TASK INPUT section start
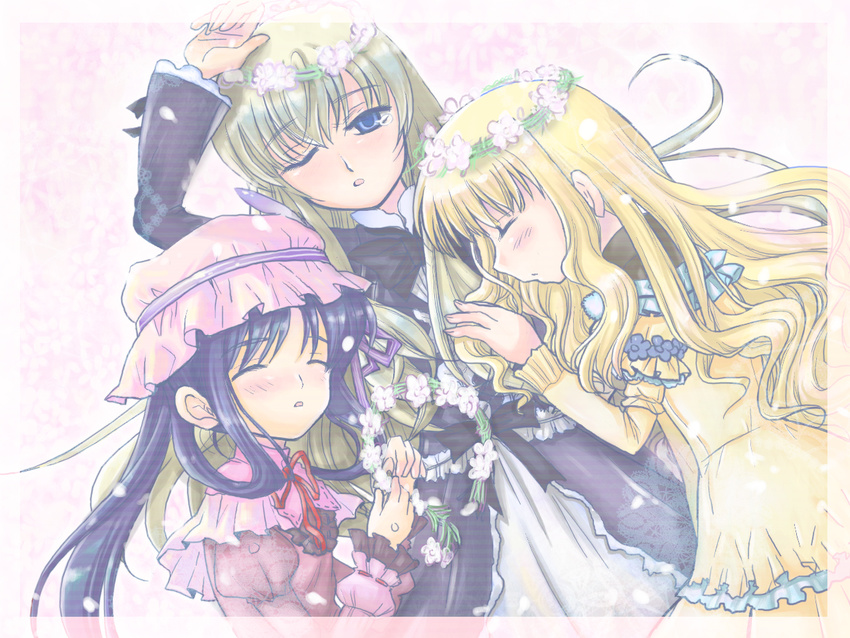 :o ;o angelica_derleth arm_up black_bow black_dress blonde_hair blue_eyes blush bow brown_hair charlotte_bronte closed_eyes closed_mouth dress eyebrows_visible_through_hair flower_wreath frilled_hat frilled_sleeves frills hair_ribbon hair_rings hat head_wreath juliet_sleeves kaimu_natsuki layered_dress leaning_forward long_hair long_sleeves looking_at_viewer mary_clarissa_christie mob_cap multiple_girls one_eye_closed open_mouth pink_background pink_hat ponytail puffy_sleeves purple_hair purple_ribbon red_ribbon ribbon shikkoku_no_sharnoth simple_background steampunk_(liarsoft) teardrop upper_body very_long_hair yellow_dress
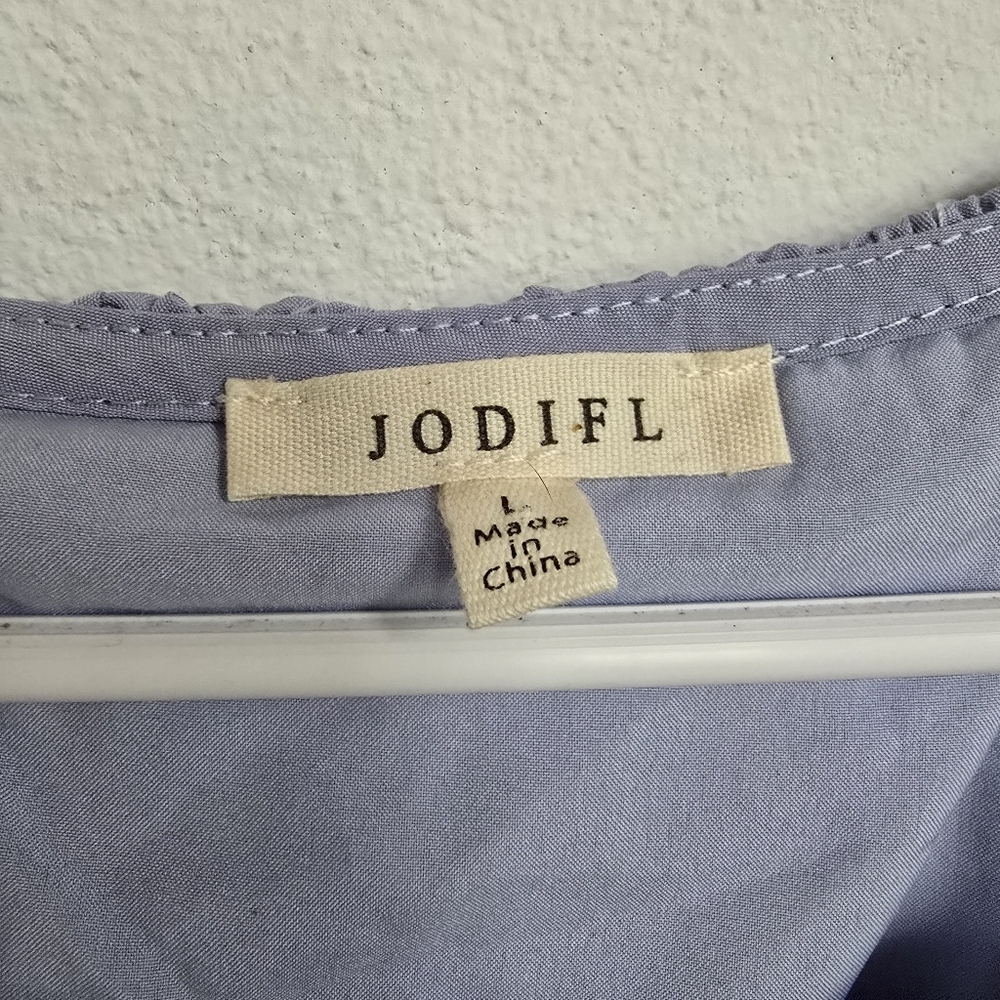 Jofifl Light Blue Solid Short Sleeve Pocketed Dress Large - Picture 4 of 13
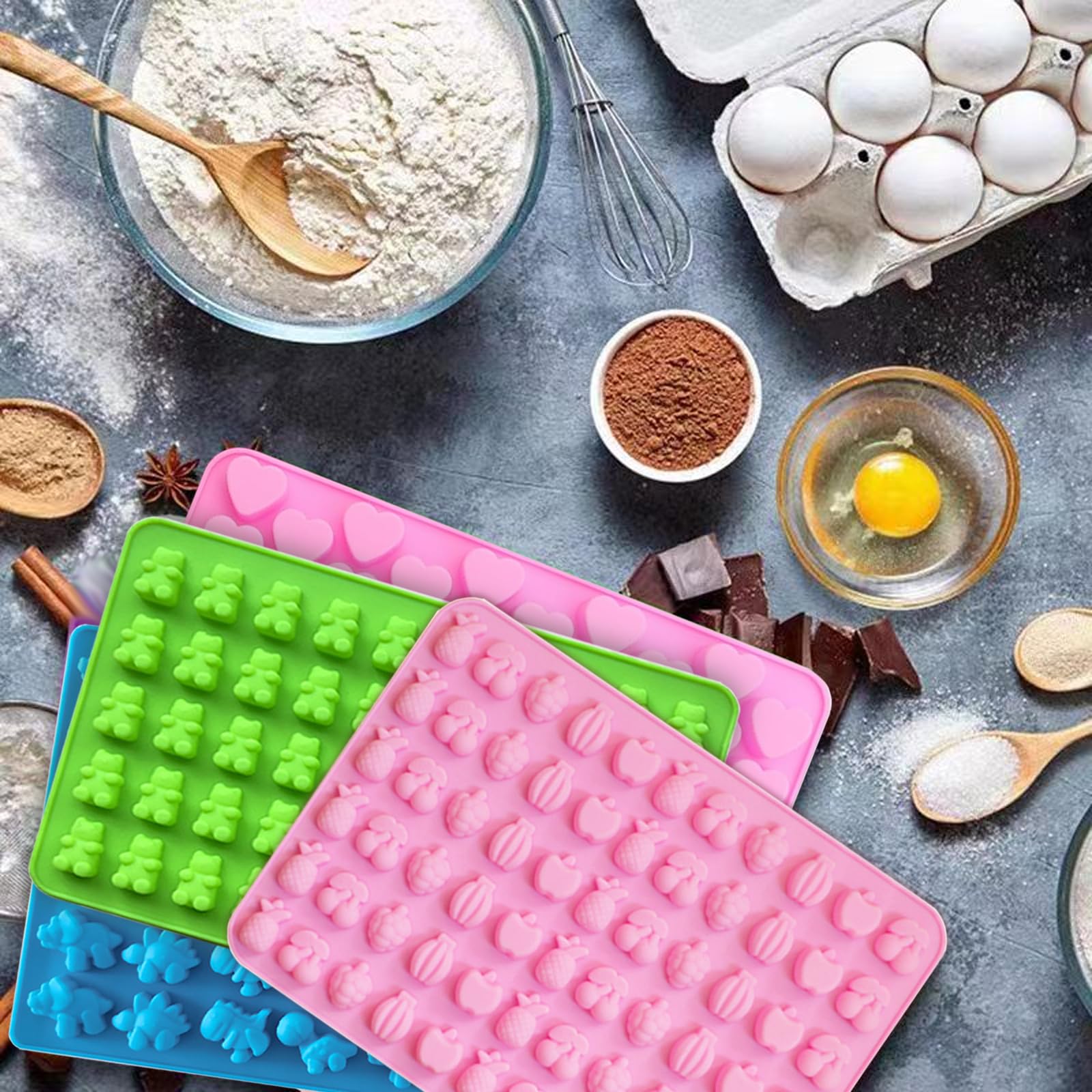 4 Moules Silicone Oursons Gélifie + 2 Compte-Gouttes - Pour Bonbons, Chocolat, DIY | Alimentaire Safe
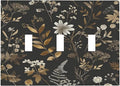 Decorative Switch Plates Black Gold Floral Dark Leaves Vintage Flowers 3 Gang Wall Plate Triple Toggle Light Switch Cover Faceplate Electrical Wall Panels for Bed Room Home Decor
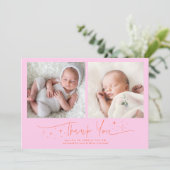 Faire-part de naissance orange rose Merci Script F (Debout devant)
TASK INPUT section end
TASK INPUT section start
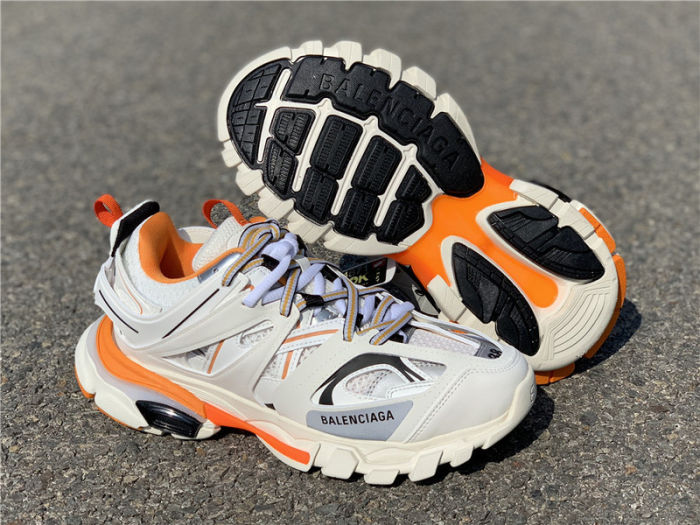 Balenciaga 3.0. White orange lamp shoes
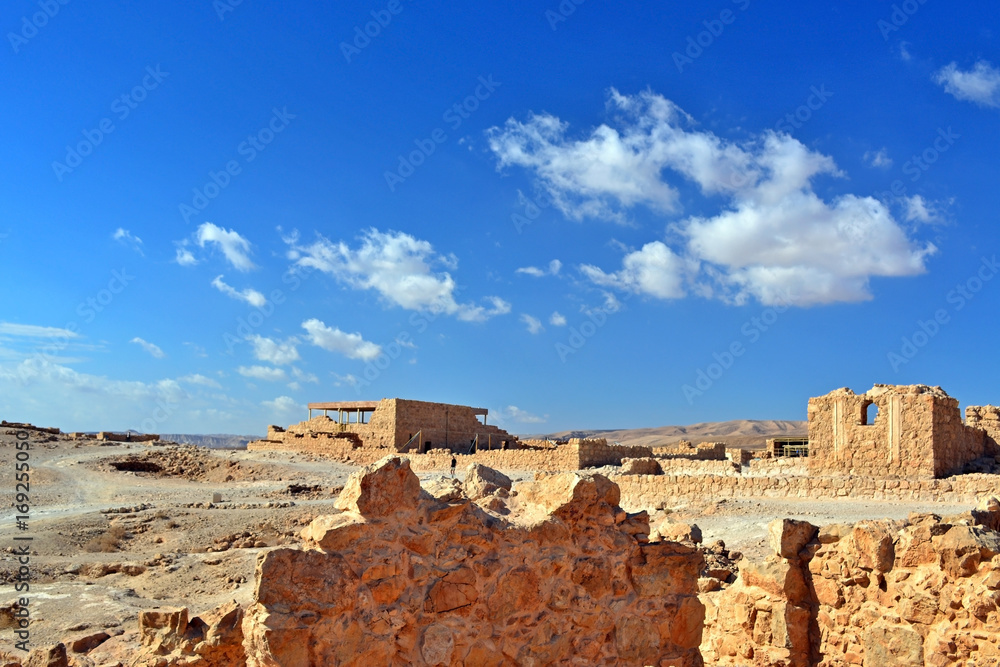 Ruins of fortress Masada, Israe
TASK INPUT section end
TASK INPUT section start
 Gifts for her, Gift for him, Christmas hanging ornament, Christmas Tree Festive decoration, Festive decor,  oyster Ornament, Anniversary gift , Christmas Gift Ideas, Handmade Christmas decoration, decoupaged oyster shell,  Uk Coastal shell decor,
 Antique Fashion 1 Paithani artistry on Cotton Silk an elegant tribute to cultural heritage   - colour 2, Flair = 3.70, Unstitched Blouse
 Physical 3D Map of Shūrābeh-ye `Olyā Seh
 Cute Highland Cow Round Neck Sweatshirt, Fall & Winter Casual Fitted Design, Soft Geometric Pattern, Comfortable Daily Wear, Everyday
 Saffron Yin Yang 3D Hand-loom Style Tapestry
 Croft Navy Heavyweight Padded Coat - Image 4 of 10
TASK INPUT section end
**INSTRUCTIONS FOR THE TASK**:
Produce a word-for-word copy of everything above from the line holding "Gifts for her, Gift" down to the line holding "Croft Navy Heavyweight", with both of those lines kept.

**WRITTEN ANSWER**:
 Gifts for her, Gift for him, Christmas hanging ornament, Christmas Tree Festive decoration, Festive decor,  oyster Ornament, Anniversary gift , Christmas Gift Ideas, Handmade Christmas decoration, decoupaged oyster shell,  Uk Coastal shell decor,
 Antique Fashion 1 Paithani artistry on Cotton Silk an elegant tribute to cultural heritage   - colour 2, Flair = 3.70, Unstitched Blouse
 Physical 3D Map of Shūrābeh-ye `Olyā Seh
 Cute Highland Cow Round Neck Sweatshirt, Fall & Winter Casual Fitted Design, Soft Geometric Pattern, Comfortable Daily Wear, Everyday
 Saffron Yin Yang 3D Hand-loom Style Tapestry
 Croft Navy Heavyweight Padded Coat - Image 4 of 10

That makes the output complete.